There is no legal difference between two states of affairs without a difference in the material facts.
There is no moral difference between two states of affairs without a difference in the material facts.
Both of these statements appear to be true. Philosophers allude to supervenience in the latter case but not in the former. Given the parallelism of the two statements, however, it would be odd if supervenience were necessary in the latter case but superfluous in the former.
We speak of acts being lawful or unlawful. Synonymously, we speak of acts being consistent or inconsistent with the law. Hence, it is also possible to speak of acts being consistent or inconsistent with morality.
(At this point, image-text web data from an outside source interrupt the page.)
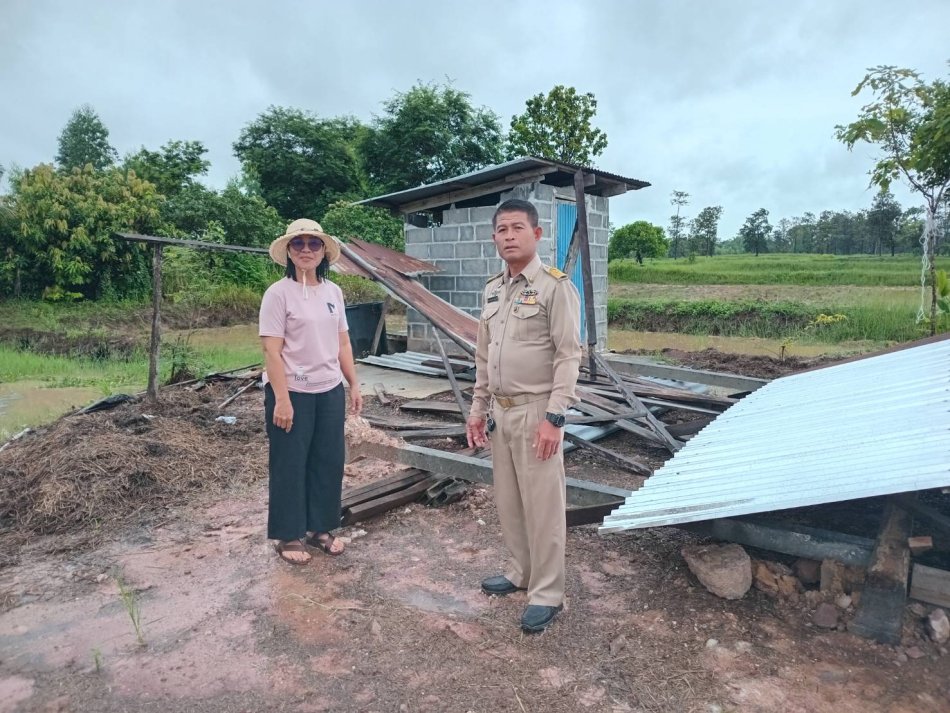 ลงพื้นที่สำรวจความเสียหายคอกสัตว์ รายนางต้อย มั่นคง หมู่ที่ 8  บ้านหนองแฝก ตำบลสร้างนกทา อำเภอเมืองอำนาจเจริญ จังหวัดอำนาจเจริญ 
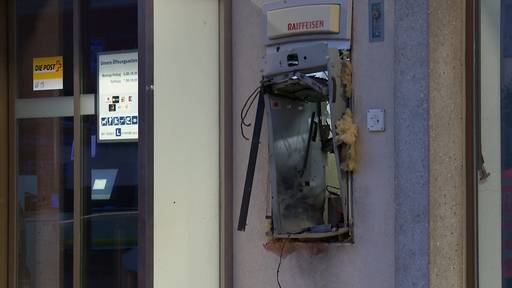 Wieder ein Raiffeisen-Bankomat gesprengt – Täterschaft auf der Flucht
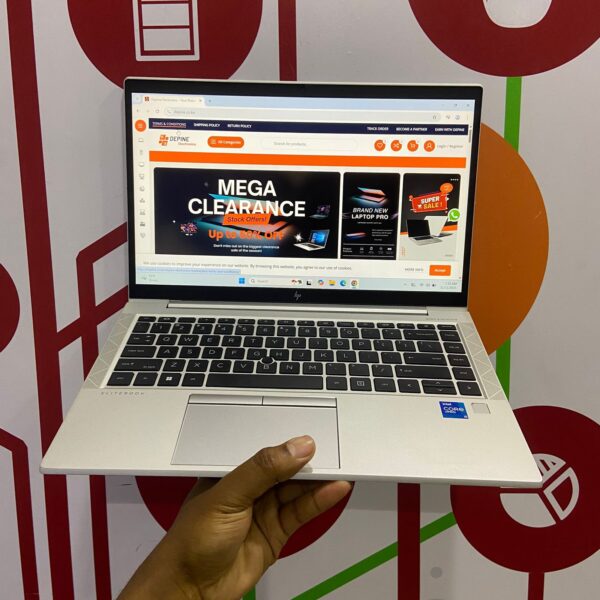 Certified Refurbished HP EliteBook 840 G8 14 in Notebook, Intel Core i5-1135G7 – Silver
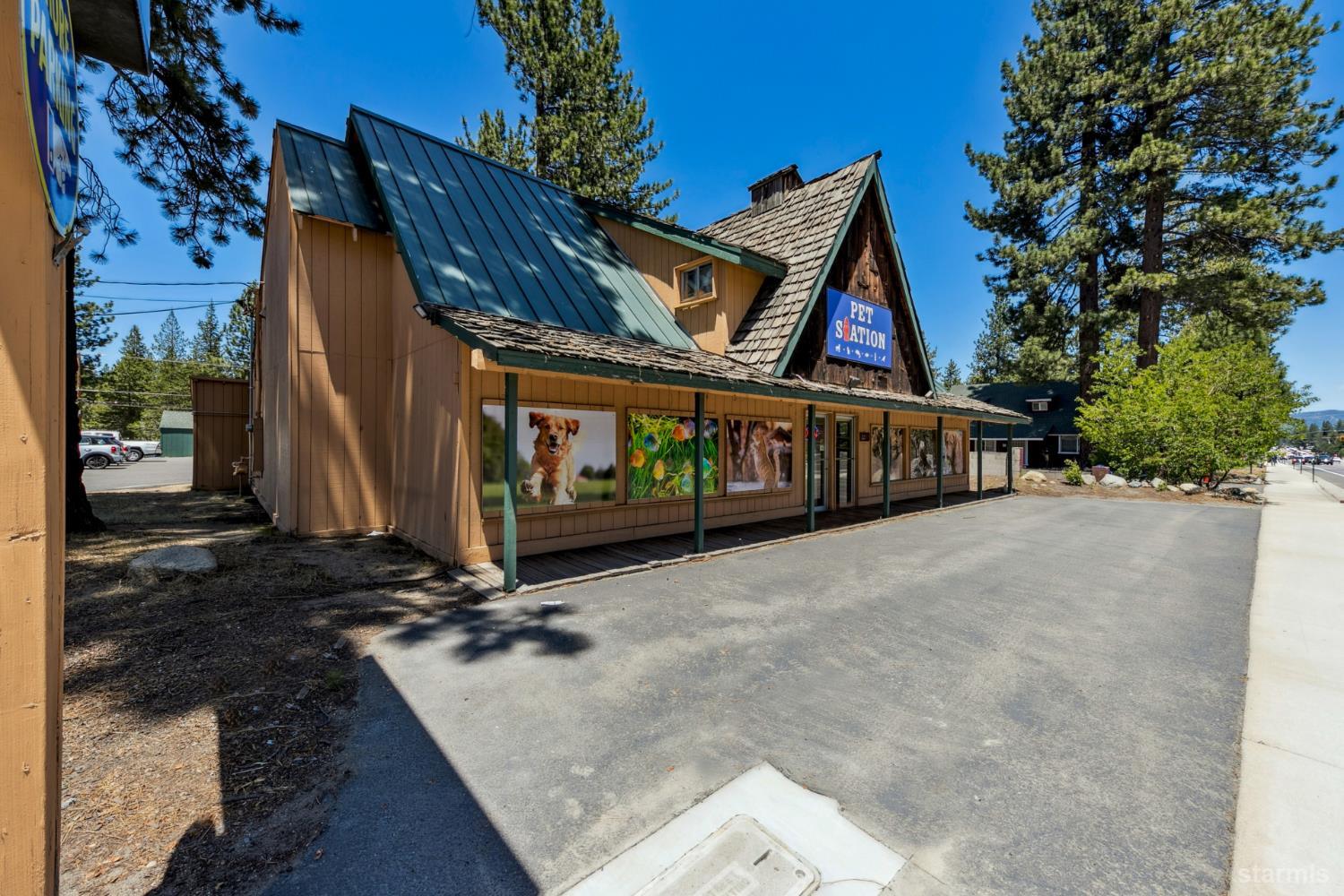 2205 Lake Tahoe Boulevard
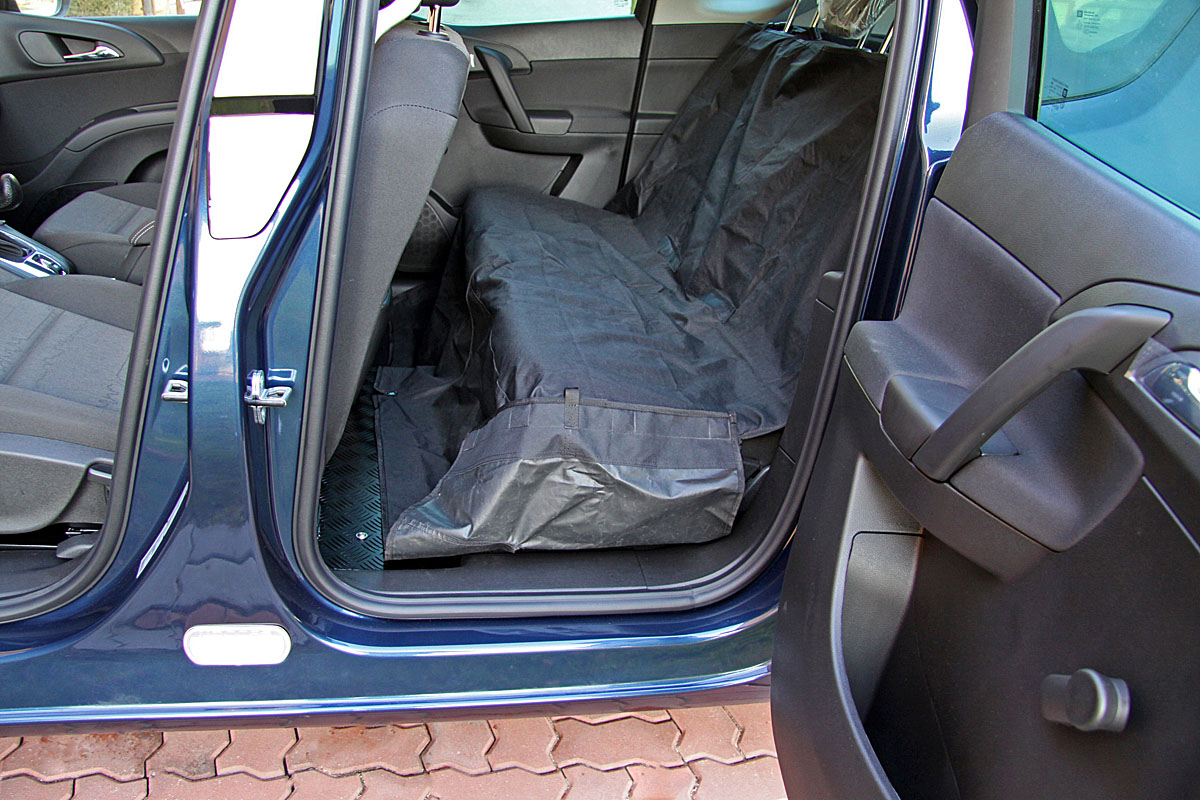 Ochranný kryt zadních sedadel ve voze OPEL Meriva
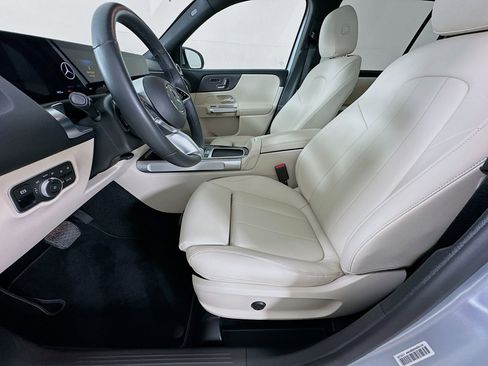 Used 2024 Mercedes-Benz GLB 250 image 22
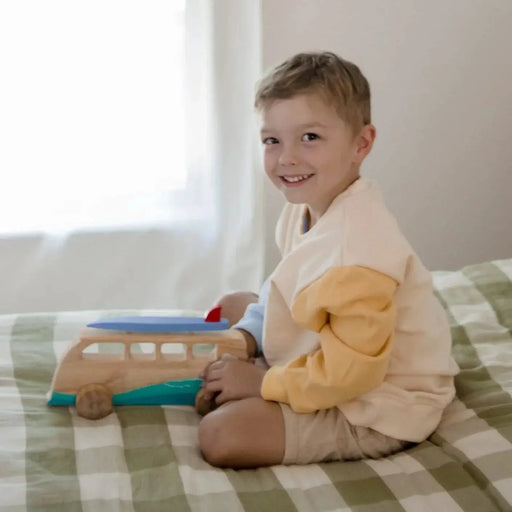 Curious Moonbeam Vehicle Play Wooden Surfing Van - QToys | Wooden Toy NZ Wooden Surfing Van - QToys | Wooden Toy NZ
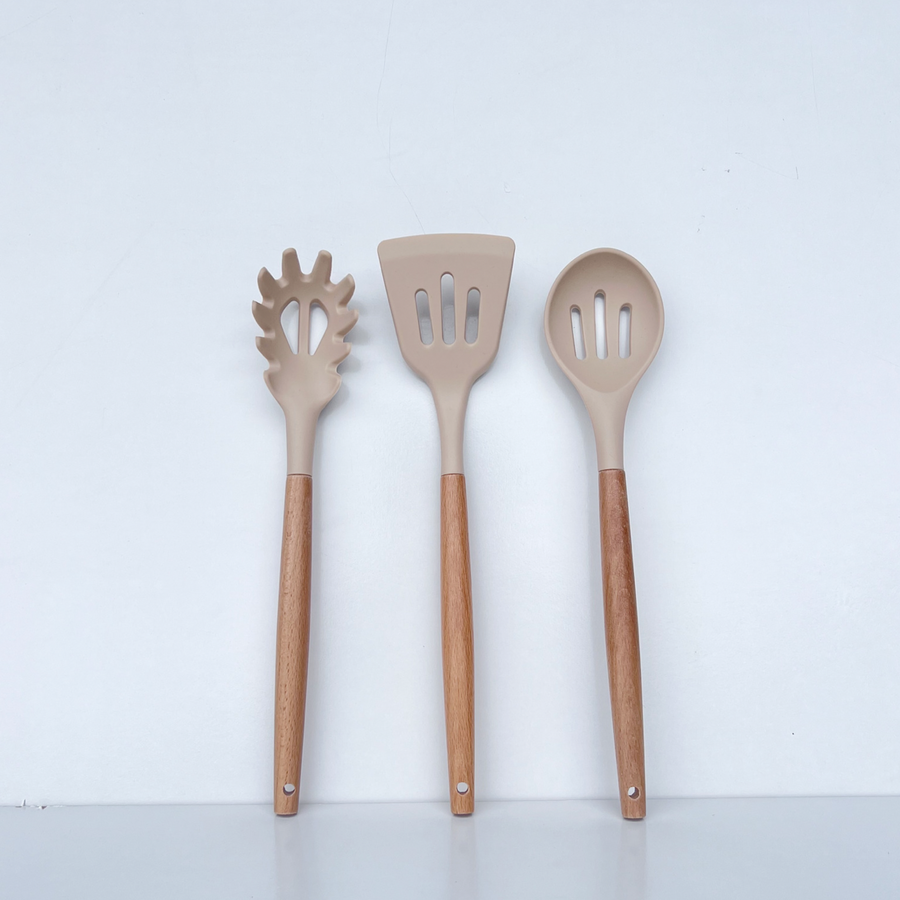 Beige Utensil Set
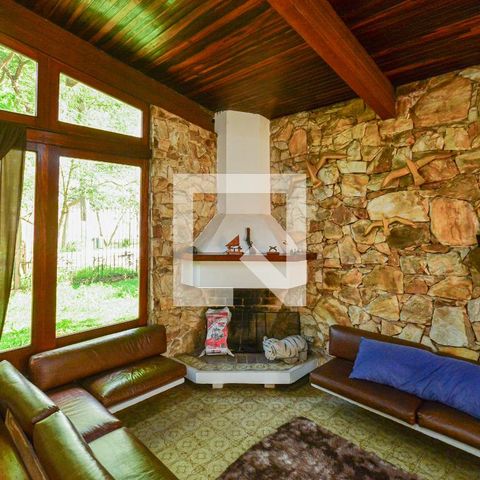 Casa à venda com 600m², 4 quartos e 1 vaga Casa à venda com 600m², 4 quartos e 1 vagaSala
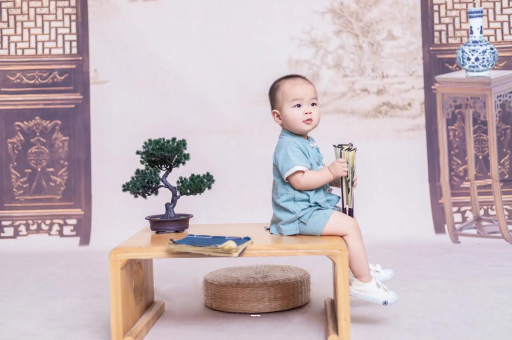 莱芜孕妇尖肚子和圆肚子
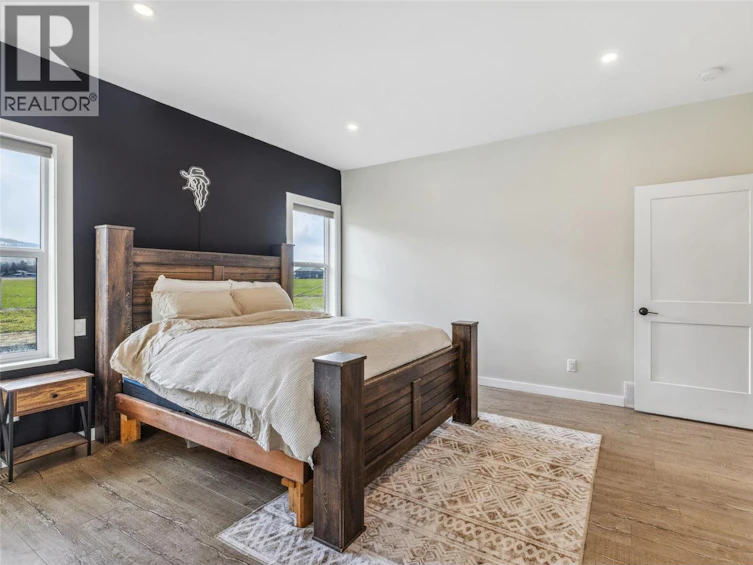 2411 Harding Road, Armstrong, BC, V4Y 0V9 - 23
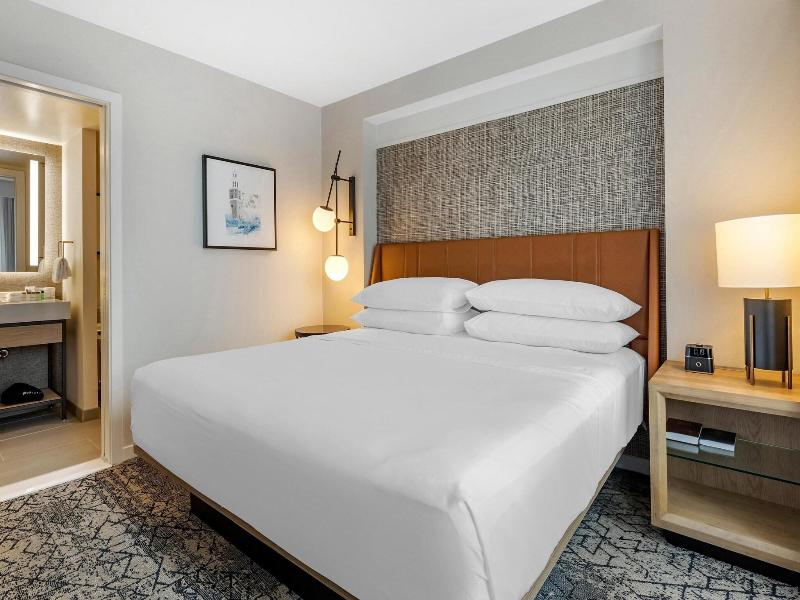 Sheraton Suites Old Town Alexandria image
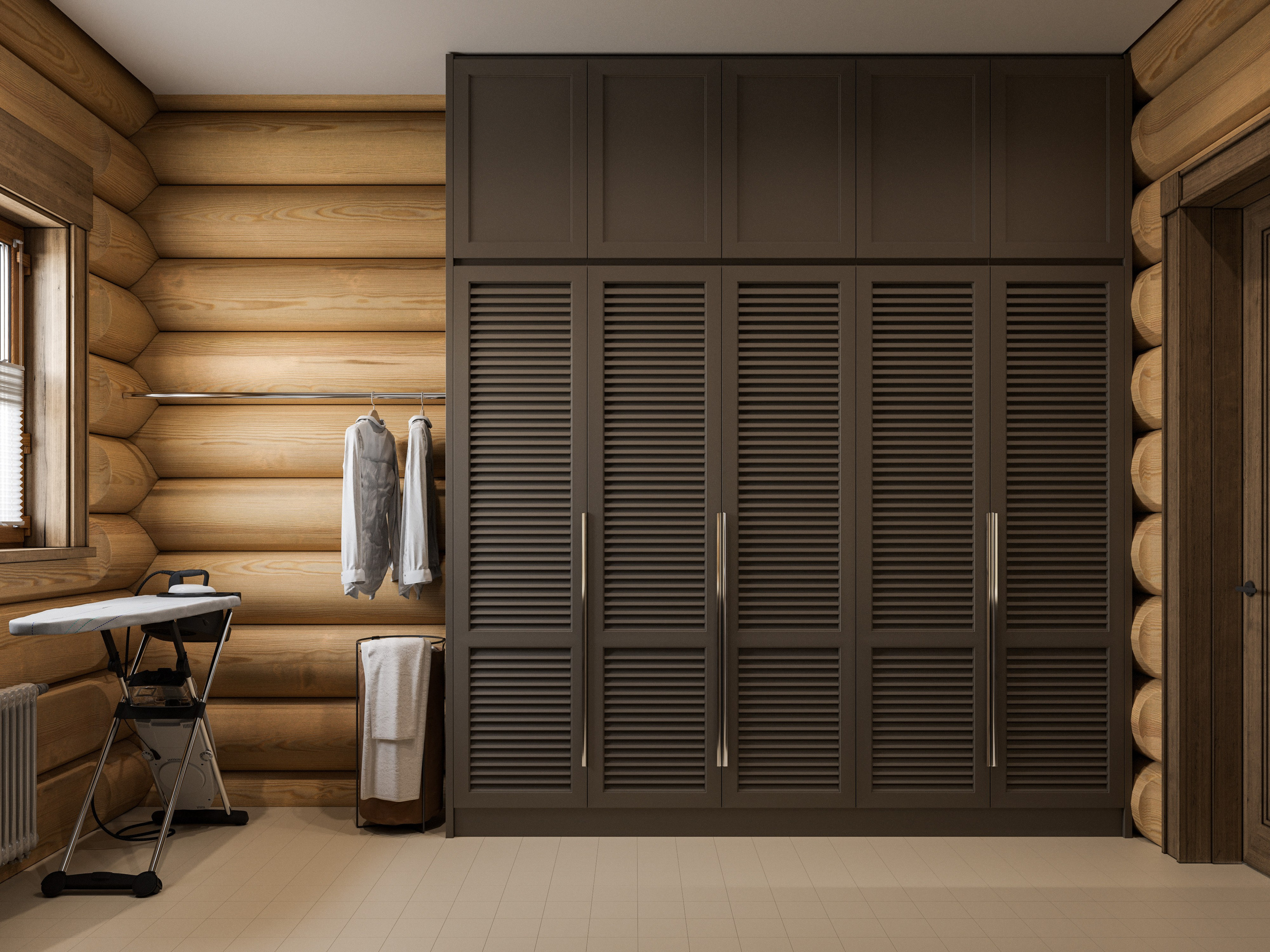 Вентилируемые шкафы для хранения в постирочной бревенчатого дома с жалюзийными дверцами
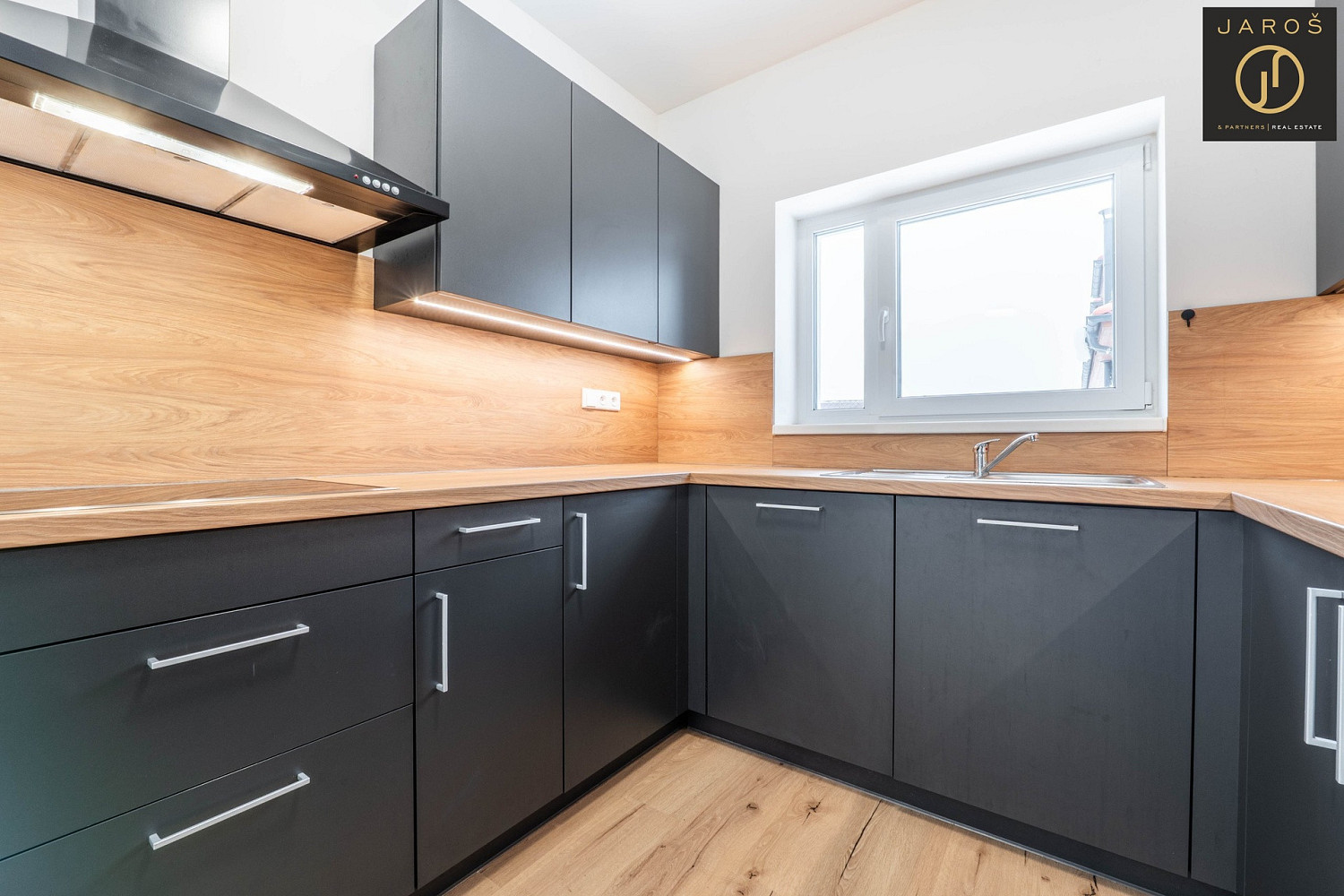 Prodej domu 93 m² s pozemkem 500 m² – fotografie 5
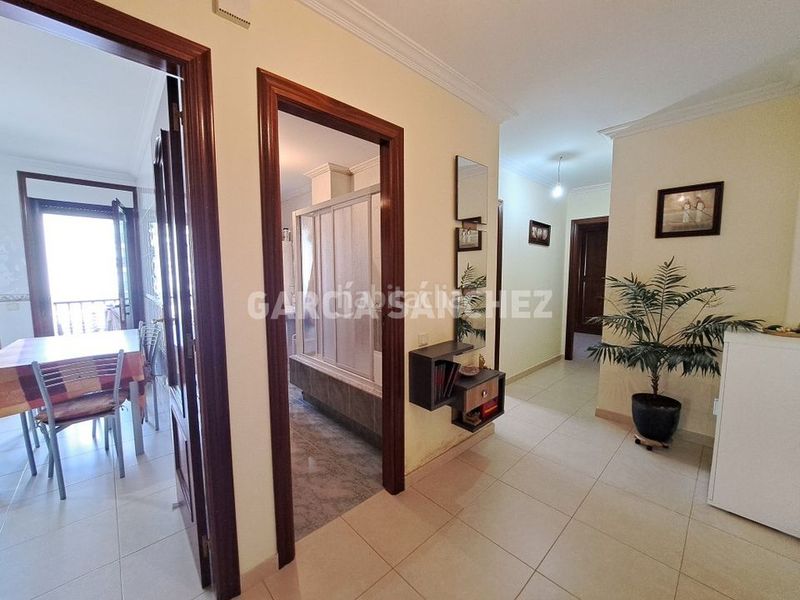 Foto 2f2196c7-ac35-4cbc-8d80-b6ff3f93c529. Apartamento en Boiro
Indeed, we can speak of acts being consistent or inconsistent with morality, when morality is based on the commands of God, Platonic moral principles, or the foundational attitudes I postulate. Each of these can function in ways analogous to the ways in which statutes function.
Now, although almost no beliefs are products of evolution, it is not impossible for there to be selection for beliefs. If the content of a naturally selected belief included normative concepts, then we could explain how normativity could originate in a world that started out lacking it. Explaining the origin or morality in this way is not a matter of deriving prescriptions from descriptions – natural selection is not logical inference. It is probably the only realistic way of explaining how normativity came into the actual world.
It would be Procrustean to require talk about consistency and evolution to be translated into the idiom of supervenience.